The “Normal” Life: Sloan doesn’t remember the 13 surgeries. To her, the hospital was just a place where people helped her. This highlights a fascinating psychological truth: Infant resilience is a superpower. Because she was treated so young, she never developed the “self-consciousness” her parents so deeply feared.
The “Sloan’s Story” Legacy: The Facebook page “Sloan’s Story” remains an active community. It has evolved from a diary of one girl’s surgeries into a global resource for parents navigating the “Shock” phase of a birthmark diagnosis.
5. The “Decision” Trauma: A Mother’s Prayer
Jennifer’s social media posts from 2016 are now studied by “parental trauma” researchers. Her raw honesty—asking “Were we doing the right thing? Was it too much for her little body?”—is the “insider” look at the mental health toll of pediatric surgery.

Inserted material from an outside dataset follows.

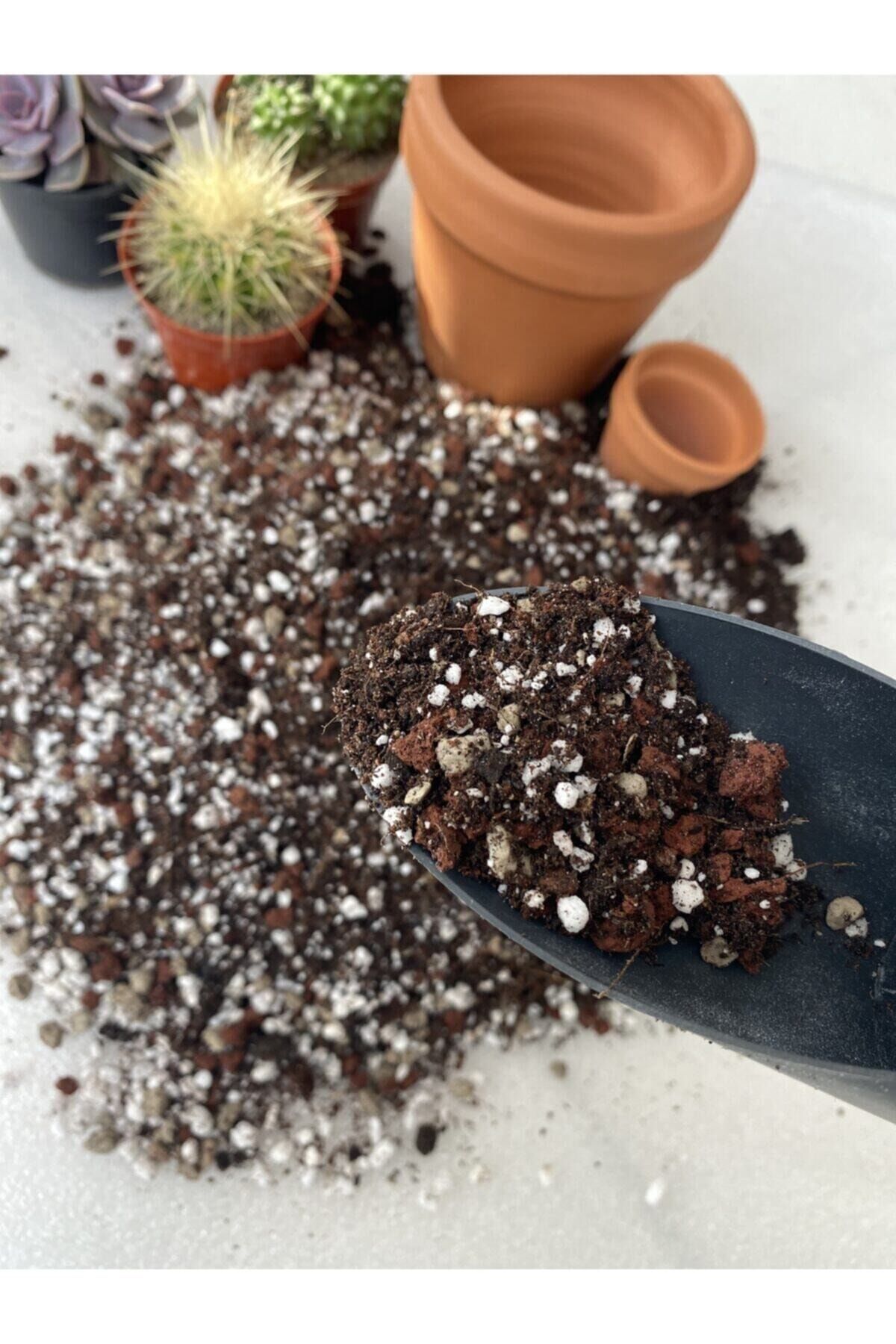 Kaktüs Sukulent Toprağı 5litre Ithal Torf 5 Karışımlı Teraryum Toprak Cocopeat Perlit Lav Deretaşı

She reminds us that the “obstacles” Sloan overcame weren’t just physical; they were emotional hurdles that the entire family had to jump together.

The story of Sloan McGillis isn’t just about a tumor; it’s about the Evolution of Hope. It’s about a family that refused to “wait and see” and a medical community that pushed the boundaries of what was possible for an infant’s face. Sloan was born with a “Grapefruit,” but she grew up with a “Grin.” Her journey reminds us that “perfectly normal” is often a hard-won victory, bought with 100s of sutures and the unwavering belief that every child deserves to be seen for who they are, not what’s on their skin.
Do you know a “Medical Warrior”?
Have you ever seen a child go through a transformation that felt impossible? Or are you a parent who had to make a “gut-wrenching” medical decision for your baby?